Sleep problems are a well-documented side effect of cancer Treatment [1, 2]. They impair quality of life and affect not only the emotions but also the cognitive and physical behavior of cancer patients [3, 4]. The impact of sleep disorders should not be underestimated, as even treatment tolerance and survival rates are linked to them [5].

On the other hand, patients report that they were not very likely to be asked about sleep difficulties. The complaint is mostly not addressed by attending oncologists [6, 7].

The latest study published in this journal, “Sleep Hygiene in Patients with Early-Stage Breast Cancer: A Short Report” [8] addresses these often-under-recognized symptoms above. By focusing on early-stage breast cancer patients in Ireland, this research adds clinically relevant insights into the prevalence of insomnia, associated behavioral risk factors, and the level of clinical attention such issues receive in oncology practice.

This cross-sectional survey utilized a 40-item questionnaire, incorporating the validated Insomnia Severity Index (ISI) to assess sleep disturbance severity. The recruitment of 315 breast cancer patients at Cork University Hospital ensures a moderate-to-large sample for a single-center observational study. The broad inclusion criteria and the representation of various disease and treatment stages increase the external validity of the findings.

However, the reliance on self-reported measures introduces potential recall and reporting bias, and the absence of objective sleep assessments limits comparability with more physiologically grounded research. Nevertheless, for an exploratory design, the study achieved considerable methodological rigor.

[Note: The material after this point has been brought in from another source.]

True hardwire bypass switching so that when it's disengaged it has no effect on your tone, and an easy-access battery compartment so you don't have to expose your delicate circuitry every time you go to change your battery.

The reported prevalence of sleep disturbance and insomnia is strikingly high. The study documented significant behavioral contributors to poor sleep hygiene, such as high caffeine consumption, alcohol use, or electronic device use before sleep. From a psychosocial standpoint, just 33% of patients were satisfied with their current sleep patterns, and 54% reported distress arising from altered sleep.

The findings corroborate and extend those of another Irish study [9] in a broader Irish oncology cohort. By isolating breast cancer patients, this study underscores an even higher burden when subthreshold insomnia is included. Unlike Harrold’s sample, which largely involved patients receiving active chemotherapy, the present cohort consisted mainly of post-treatment survivors, revealing persistent sleep problems into the survivorship phase rather than acute treatment-related insomnia.

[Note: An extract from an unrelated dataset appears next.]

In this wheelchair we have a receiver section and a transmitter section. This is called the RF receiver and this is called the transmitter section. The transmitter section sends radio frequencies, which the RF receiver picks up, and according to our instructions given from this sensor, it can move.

The paper correctly emphasizes the disconnect between patient awareness and healthcare provider engagement. Routine screening using instruments like the ISI could identify at-risk patients early. Educational interventions to promote sleep hygiene literacy—focusing on caffeine, alcohol, and device use—should be standard in survivorship counseling. The under-recognition of insomnia by healthcare professionals also calls for systematic provider training on sleep assessment and management.

Strengths of this study include a large and representative sample from a clinical oncology setting, use of a validated insomnia screening instrument, integration of behavioral and attitudinal data, and broadening the psychosocial interpretation. Limitations include the cross-sectional design precluding causal inference, exclusive reliance on self-report measures without objective validation, lack of diversity in the study sample, limiting generalizability across ethnic populations, and absence of multivariate regression models to adjust for potential confounding variables. Strengths and limitations of the study are well discussed by the authors.

“Sleep Hygiene in Patients with Early-Stage Breast Cancer: A Short Report” successfully documents the high prevalence and persistence of insomnia among breast cancer patients, exposing critical deficiencies in clinical recognition and management. By combining patient-reported experiences with behavioral and attitudinal analysis, this study strengthens the evidence base for integrating sleep assessment into oncology and survivorship guidelines. Future research should employ longitudinal designs, objective sleep metrics, and interventional frameworks to optimize care for this vulnerable population.

In summary, the findings of this study underscore the urgent need for routine sleep assessment and targeted interventions in oncologwct 2y practice. By recognizing and addressing sleep disturbances early, healthcare providers can significantly improve the quality of life and long-term outcomes for cancer survivors. Future research should focus on longitudinal studies and interventional approaches to optimize sleep health in this vulnerable population. Integrating sleep hygiene into survivorship guidelines is not only a clinical imperative but also a step toward more holistic, patient-centered cancer care.